Exercise requirements
Would you please return only the lines from the one with "Two Tales of Old Kodiak - Paperback" through the last line of the records below, leaving the pictures out?

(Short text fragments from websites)
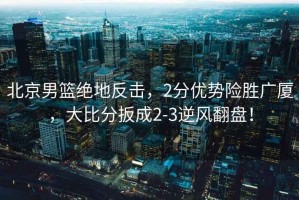 北京男籃絕地反擊，2分優(yōu)勢險勝廣廈，大比分扳成2-3逆風翻盤！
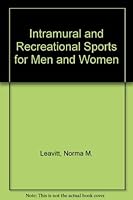 Intramural and Recreational Sports for Men and Women B000O70K2W Book Cover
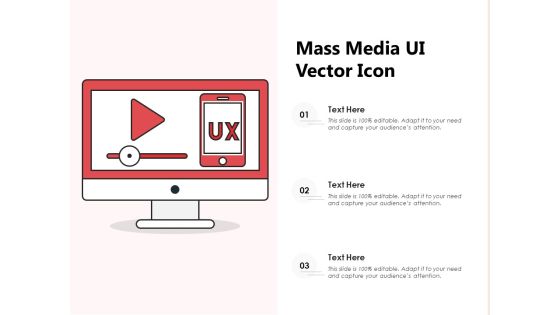 Mass Media UI Vector Icon Ppt PowerPoint Presentation File Graphics PDF Mass Media UI Vector Icon Ppt PowerPoint Presentation File Graphics PDF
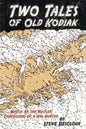 Two Tales of Old Kodiak - Paperback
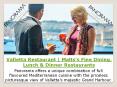 Valletta Restaurant | Malts's Fine Dining, Lunch & Dinner Restaurants PowerPoint PPT Presentation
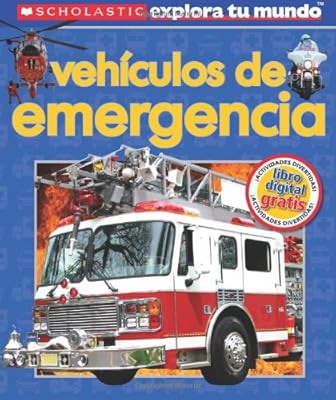 Scholastic Explora Tu Mundo: Vehiculos de emergencia:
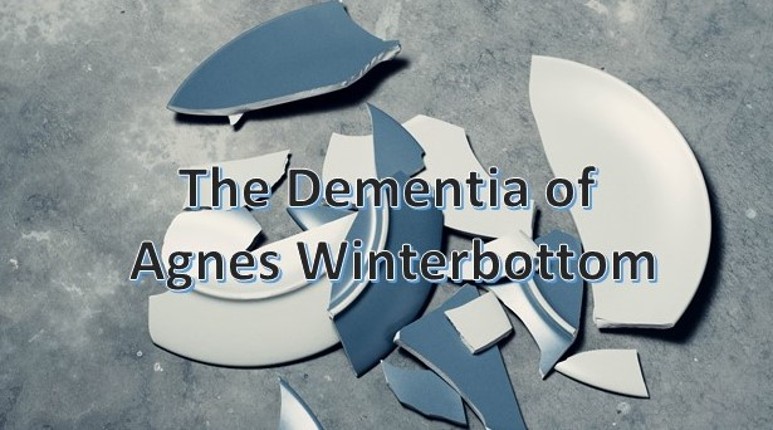 The Dementia of Agnes Winterbottom Image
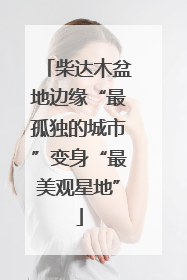 柴达木盆地边缘“最孤独的城市”变身“最美观星地”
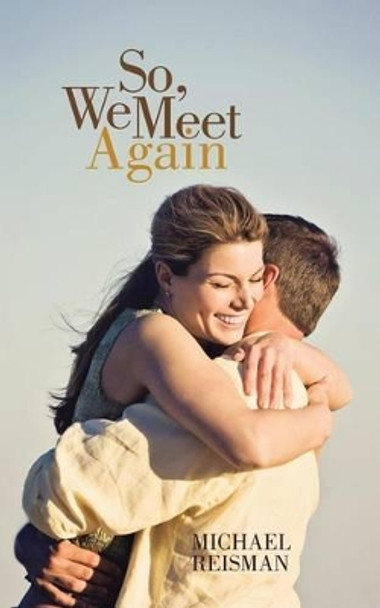 So, We Meet Again by Michael Reisman (Yale University, Connecticut)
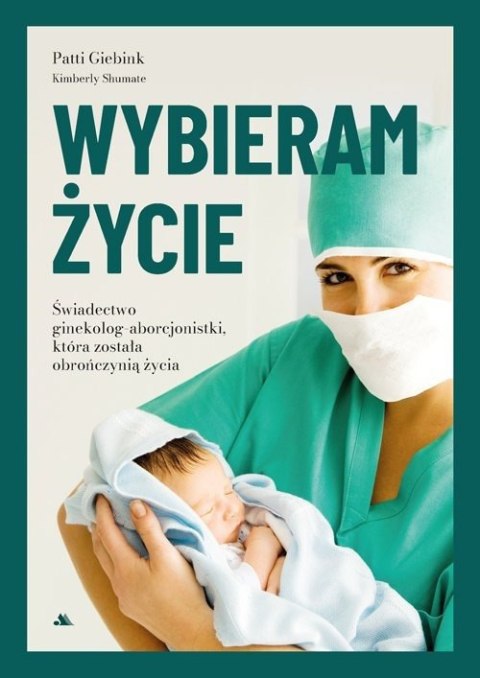 Wybieram życie Wybieram życie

Solution to this problem
 Two Tales of Old Kodiak - Paperback
 Valletta Restaurant | Malts's Fine Dining, Lunch & Dinner Restaurants PowerPoint PPT Presentation
 Scholastic Explora Tu Mundo: Vehiculos de emergencia:
 The Dementia of Agnes Winterbottom Image
 柴达木盆地边缘“最孤独的城市”变身“最美观星地”
 So, We Meet Again by Michael Reisman (Yale University, Connecticut)
 Wybieram życie Wybieram życie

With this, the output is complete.